## [Problem to work on]
Pull each line containing "video" out of the listing below.

## [Extracted data]
----------------------------------------

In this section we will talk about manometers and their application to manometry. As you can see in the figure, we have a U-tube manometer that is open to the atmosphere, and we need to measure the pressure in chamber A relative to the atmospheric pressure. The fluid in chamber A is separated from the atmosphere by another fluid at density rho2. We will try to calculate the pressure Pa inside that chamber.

----------------------------------------

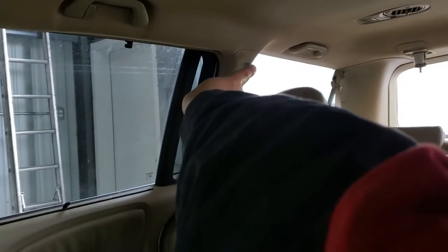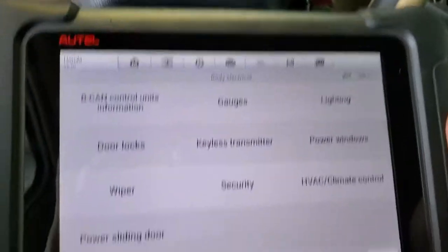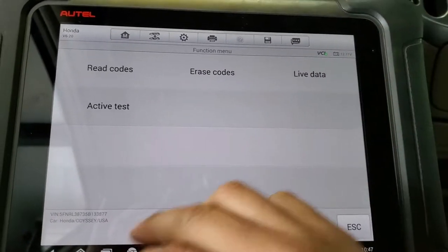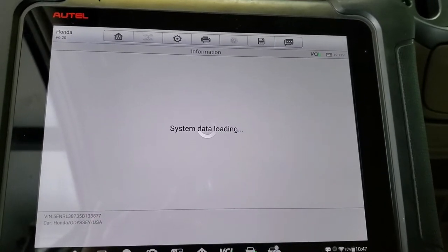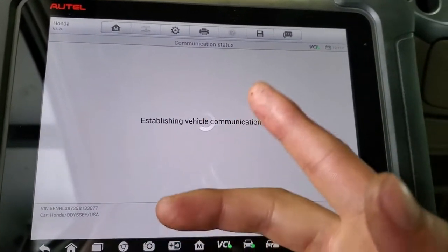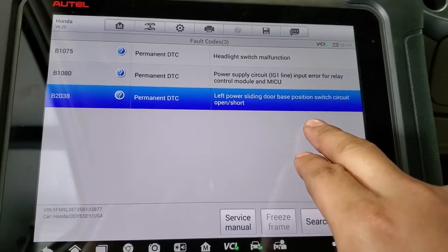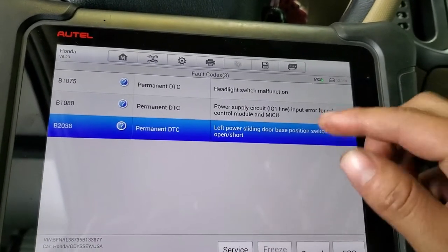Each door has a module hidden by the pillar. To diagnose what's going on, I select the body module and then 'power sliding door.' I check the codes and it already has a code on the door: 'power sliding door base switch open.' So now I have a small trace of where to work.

----------------------------------------

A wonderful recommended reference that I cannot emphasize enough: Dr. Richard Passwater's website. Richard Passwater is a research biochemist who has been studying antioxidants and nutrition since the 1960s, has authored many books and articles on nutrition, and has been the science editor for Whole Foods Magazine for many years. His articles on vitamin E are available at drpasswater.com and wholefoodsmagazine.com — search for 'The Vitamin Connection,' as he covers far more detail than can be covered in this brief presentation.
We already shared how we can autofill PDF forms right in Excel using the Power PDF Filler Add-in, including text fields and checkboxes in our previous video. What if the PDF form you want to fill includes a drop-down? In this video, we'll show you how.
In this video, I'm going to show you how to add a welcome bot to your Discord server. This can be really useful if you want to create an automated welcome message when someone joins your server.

----------------------------------------

## [Written response]
We already shared how we can autofill PDF forms right in Excel using the Power PDF Filler Add-in, including text fields and checkboxes in our previous video. What if the PDF form you want to fill includes a drop-down? In this video, we'll show you how.
In this video, I'm going to show you how to add a welcome bot to your Discord server. This can be really useful if you want to create an automated welcome message when someone joins your server.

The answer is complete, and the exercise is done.